DATA SECTION |

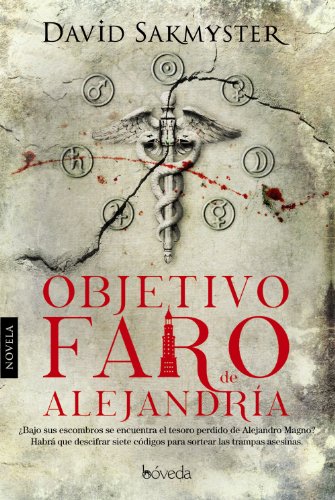 Stock image for Objetivo Faro de Alejandra for sale by AG Library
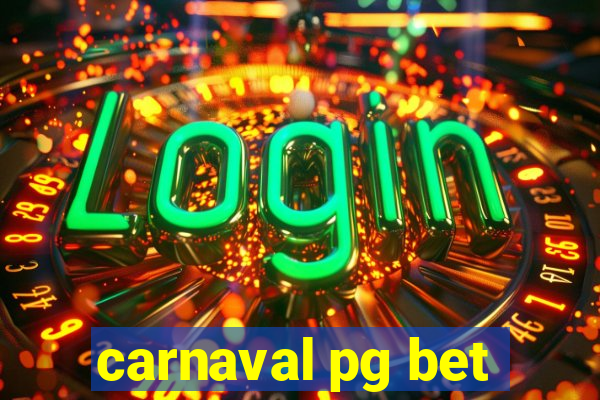 carnaval pg bet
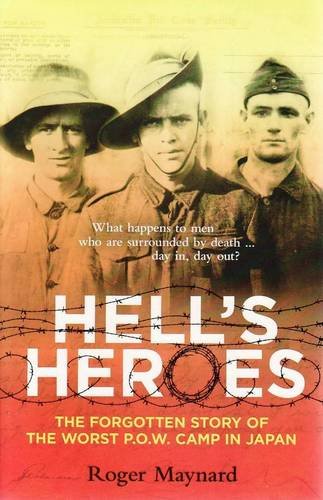 Hell's Heroes: The Forgotten Story of the Worst P.O.W. Camp in Japan [Paperback] Maynard, Roger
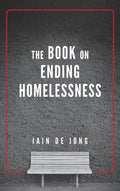The Book on Ending Homelessness - Hardcover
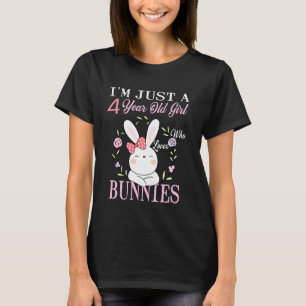 I M Just A 4 Year Old Girl Who Loves Bunnies Birth T-Shirt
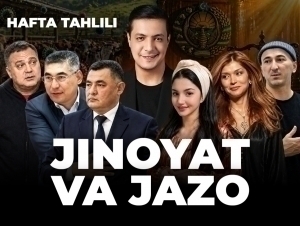 Жиноят ва жазо – Ҳафта таҳлили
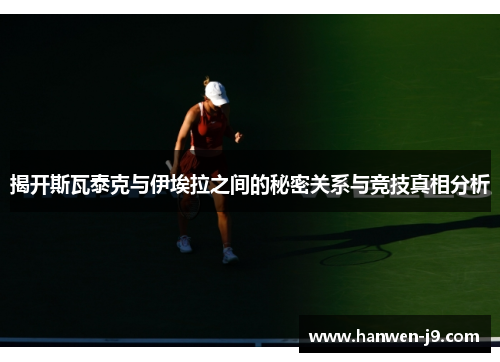 揭开斯瓦泰克与伊埃拉之间的秘密关系与竞技真相分析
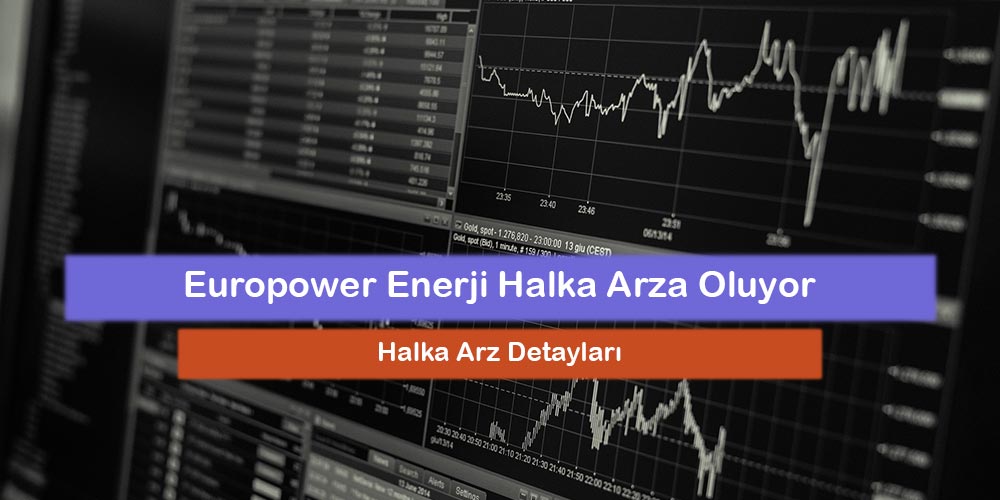 Halka Arz: Europower Enerji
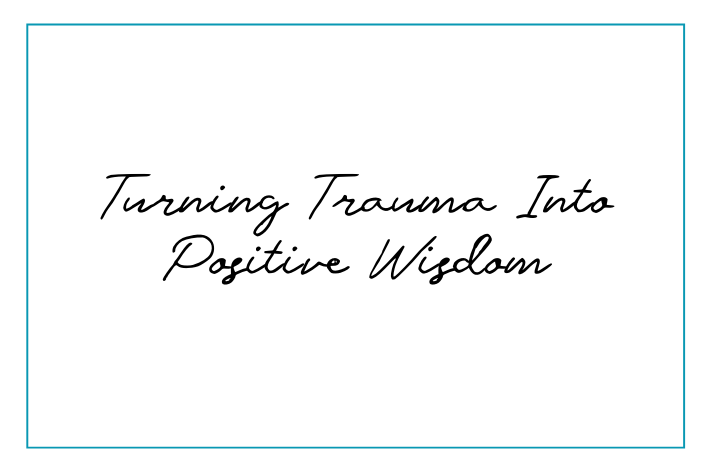 Turning trauma into positive wisdom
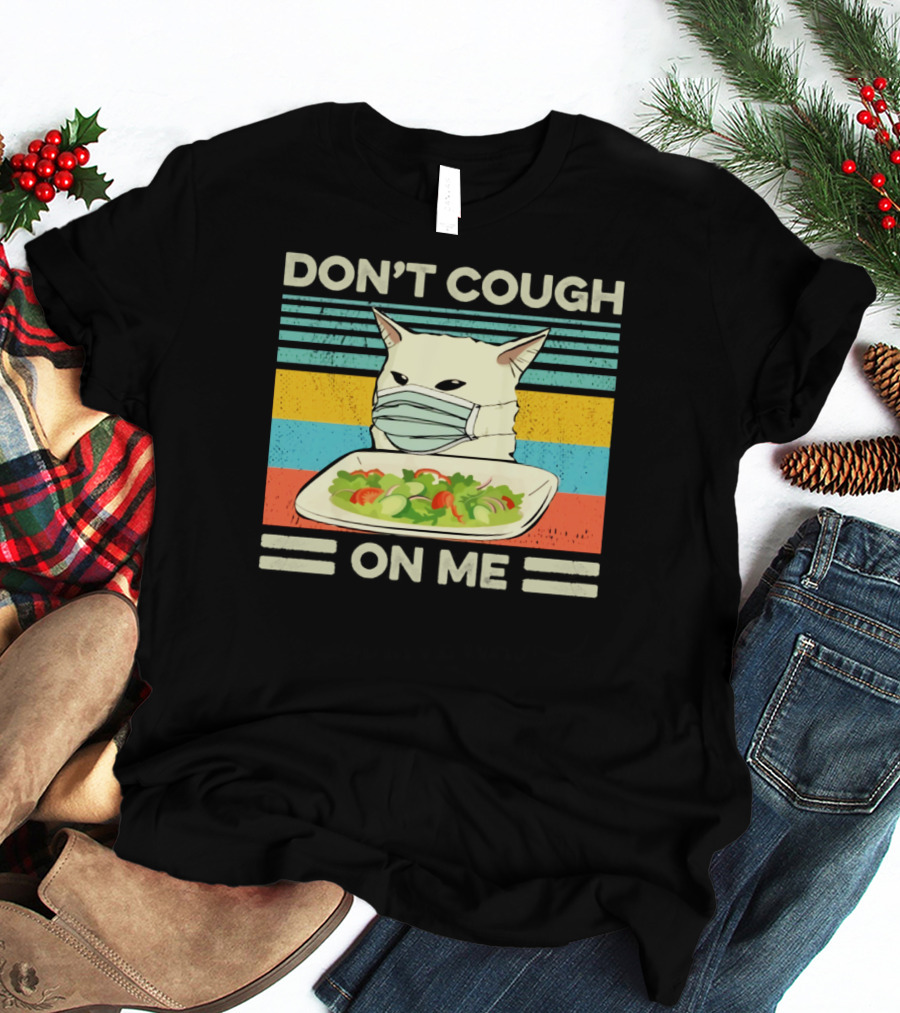 Don't Cough On Me Cat With Mask And Salad Vintage Stripes T-Shirt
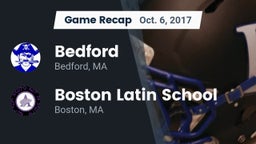 Recap: Bedford  vs. Boston Latin School 2017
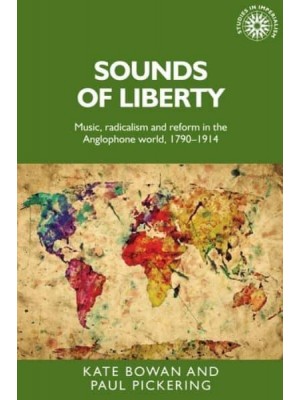Sounds of Liberty Music, Radicalism and Reform in the Anglophone World, 1790-1914 - Studies in Imperialism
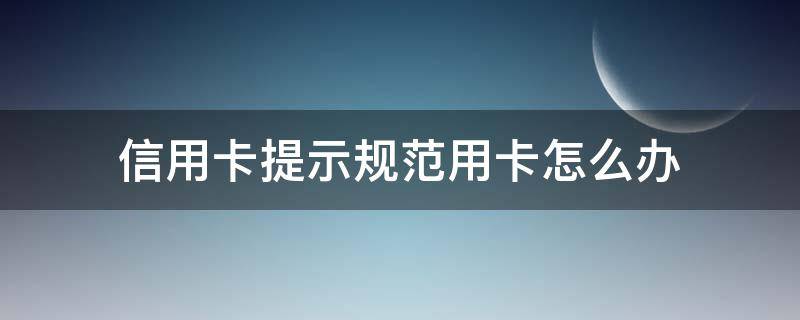 信用卡提示规范用卡怎么办 被银行提示信用卡用卡不规范,该怎么办?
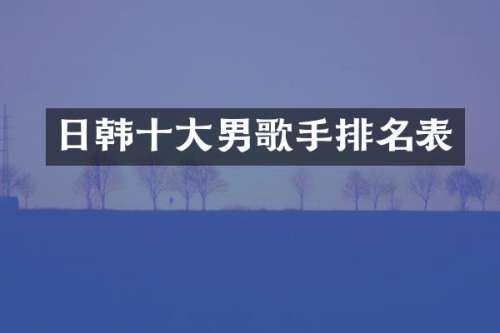 日韩十大男歌手排名表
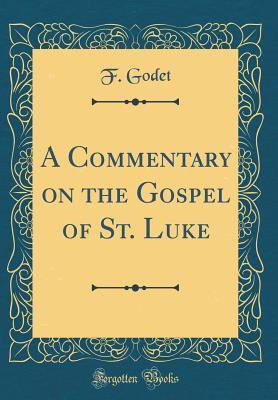 Full Download A Commentary on the Gospel of St. Luke (Classic Reprint) - Frédéric Godet | ePub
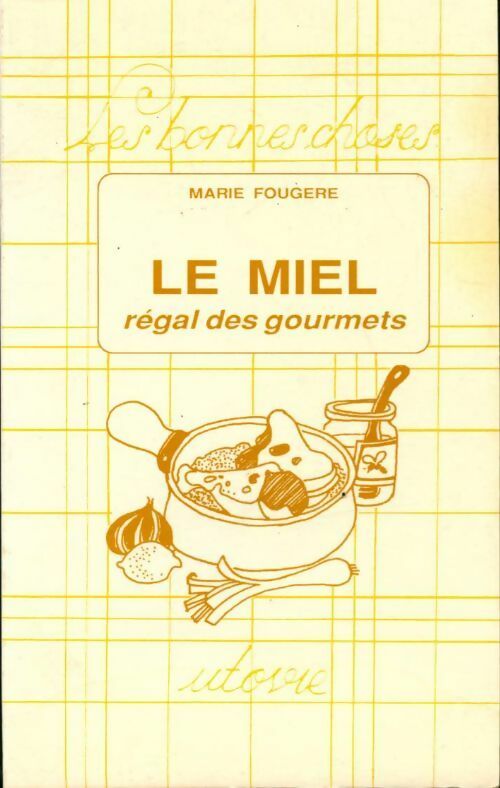 Livrenpoche : Le miel, régal des gourmets - Marie Fougère - Livre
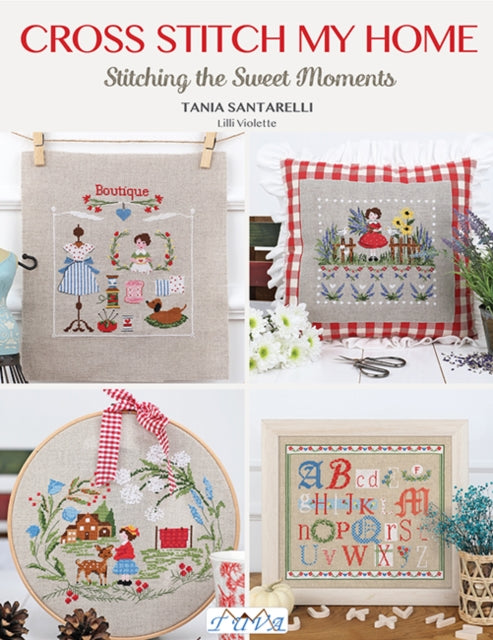 Book cover of: Cross Stitch My Home. By: Tania Santarelli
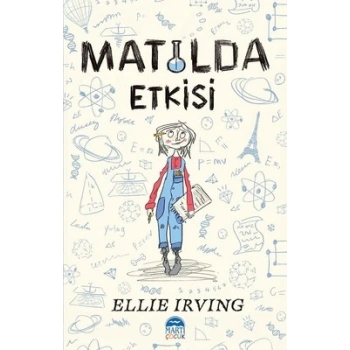 MATİLDA ETKİSİ - ELLİE IRVİNG - MARTI YAYINLARI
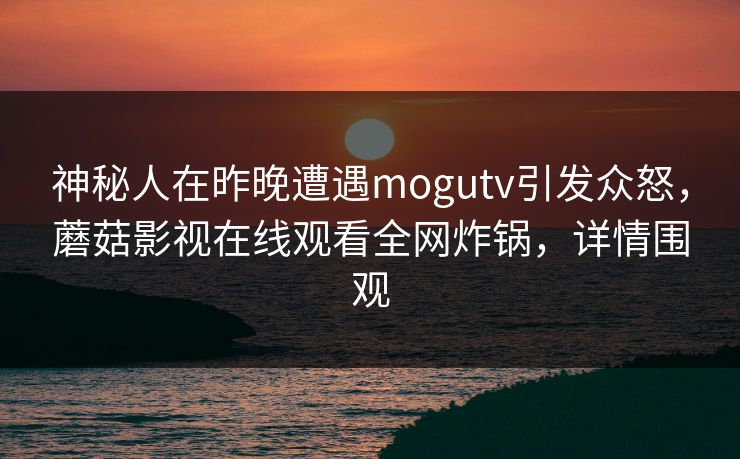 神秘人在昨晚遭遇mogutv引发众怒，蘑菇影视在线观看全网炸锅，详情围观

TASK PROMPT |
Reproduce the listing above from the line that holds "I M Just A 4" through the line that holds "Latin School 2017", both included, with the pictures left out.

WRITTEN REPLY |
 I M Just A 4 Year Old Girl Who Loves Bunnies Birth T-Shirt
 Жиноят ва жазо – Ҳафта таҳлили
 揭开斯瓦泰克与伊埃拉之间的秘密关系与竞技真相分析
 Halka Arz: Europower Enerji
 Turning trauma into positive wisdom
 Don't Cough On Me Cat With Mask And Salad Vintage Stripes T-Shirt
 Recap: Bedford  vs. Boston Latin School 2017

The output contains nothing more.